BEGIN SOURCE RECORDS

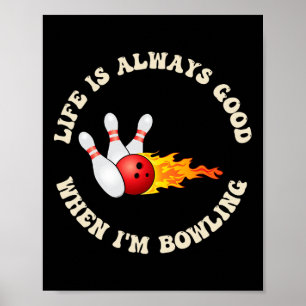 Affiche La vie est toujours bonne quand je joue au bowling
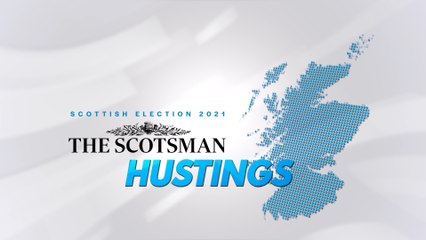 Scotsman Hustings: Scottish Election 2021 | Highlands and Islands Hustings 20 April 2021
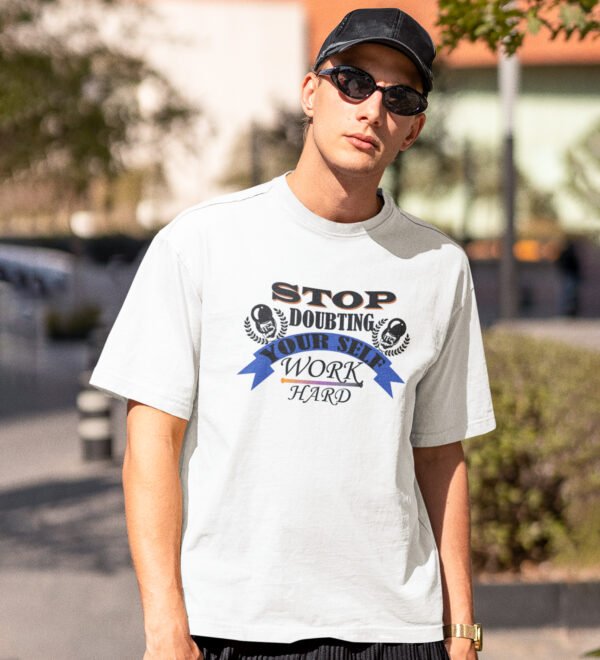 Stop Doubting Yourself White Round Neck Cotton Half Sleeved Men's T-Shirt with Printed Graphics - Image 3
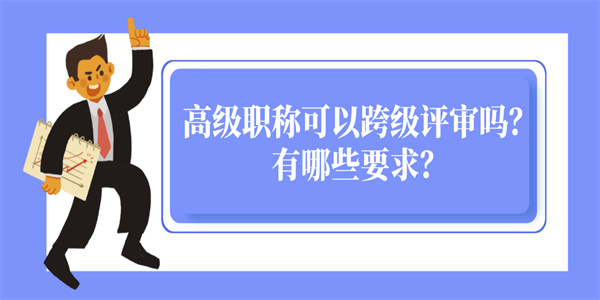 高级职称可以跨级评审吗？有哪些要求？.jpg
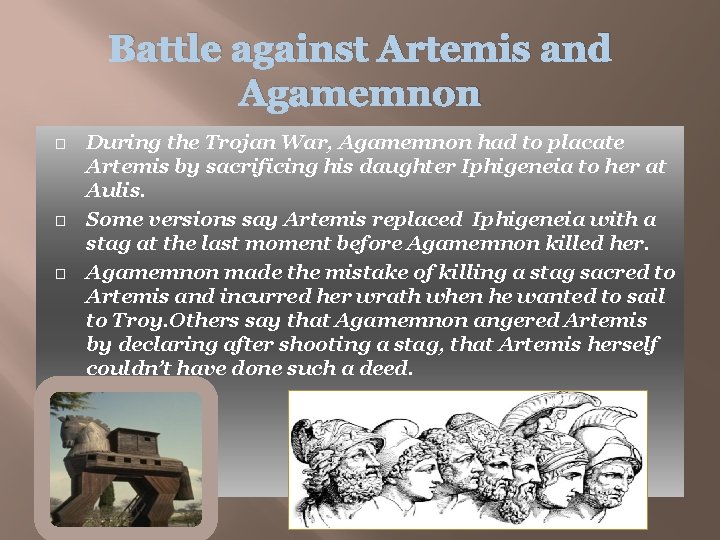 Battle against Artemis and Agamemnon � � � During the Trojan War, Agamemnon had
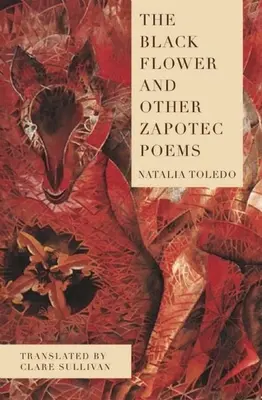 Čierny kvet a iné zapotécke básne - The Black Flower and Other Zapotec Poems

END SOURCE RECORDS

WHAT TO PRODUCE »
Nothing but an exact copy is needed, covering the lines from the line with "Battle against Artemis" through the last line of the entries, pictures excluded.

ANSWER TO THIS PROBLEM »
 Battle against Artemis and Agamemnon � � � During the Trojan War, Agamemnon had
 Čierny kvet a iné zapotécke básne - The Black Flower and Other Zapotec Poems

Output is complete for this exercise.